What Buzz said.  Assemble one pen and while others may have different parts/more parts, it's all the same.


----------



## DCBluesman (Mar 26, 2008)

*Sorry, but there IS a difference.*  You have to test fit each part when making a fountain pen.  There are no alignment issues with a roller ball pen as it writes the same all the way around the nib.  *A fountain pen needs to align with the direction of the flat of the nib, otherwise it can be uncomfortable to hold and use.*  Each couple needs to be fit with the nib assembly in place.


----------



## rlharding (Mar 27, 2008)

> _Originally posted by DCBluesman_
> 
> *Sorry, but there IS a difference.*  You have to test fit each part when making a fountain pen.  There are no alignment issues with a roller ball pen as it writes the same all the way around the nib.  *A fountain pen needs to align with the direction of the flat of the nib, otherwise it can be uncomfortable to hold and use.*  Each couple needs to be fit with the nib assembly in place.



What do you mean Lou?


----------



## ashaw (Mar 27, 2008)

> _Originally posted by rlharding_
> 
> 
> 
> ...



Plus you need to make sure the nib writes smoothly.  If not you may have to smooth the nib out yourself.

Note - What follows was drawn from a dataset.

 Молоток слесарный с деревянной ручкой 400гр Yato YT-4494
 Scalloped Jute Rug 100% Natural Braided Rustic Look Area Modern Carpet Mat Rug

Then you also need to be able to talk the FP talk.  Lou you what I mean.

Alan


----------



## DCBluesman (Mar 27, 2008)

> _Originally posted by rlharding_
> What do you mean Lou?



Most Berea couplers are four-start and most CS USA couplers are three start.  Orientation of the nib and clip such that the clip is in a comfortable position for writing is critical to the comfort of using the pen.  In the example below you will see that the clip is on the same plane as the face of the nib.  This insures that the clip will not ride against the thumb or index finger of either a left-handed or write-handed writer.







On a Baron, for example, if you do not test fit the couplers, you may be off as much as 45-degrees from the desired writing position.  On a Jr. Statesman, you may be off as much as 60-degrees.  That much difference causes an imbalance which detracts from the writing pleasure.


----------



## jeffj13 (Mar 27, 2008)

[quote
On a Baron, for example, if you do not test fit the couplers, you may be off as much as 45-degrees from the desired writing position.  On a Jr. Statesman, you may be off as much as 60-degrees.  That much difference causes an imbalance which detracts from the writing pleasure.

[/quote]

Or you could make pens that don't post or friction post instead of a threaded post(which, imho,is unattractive anyway) such as the Gentlemen's, Churchill or El Grande.

Note:  Not dissing Lou here, he is absolutely correct.  Just pointing out that there is another option.

jeff


----------



## Rifleman1776 (Mar 27, 2008)

What Lou says is only for posting pens. Larger pens, like Gents, often are not posted.
As for the original question: Have the instructions provided by the supplier in front of you and the parts laid out. Read carefully, pick up each part and put next to the barrel where it should be inserted. If something confuses you (don't worry, you aren't alone on this) start over. Do take your time. After the first one, you will be an expert.


----------



## rlharding (Mar 27, 2008)

Thanks Lou. I do that anyway so thought you were talking about something else I didn't know about.


----------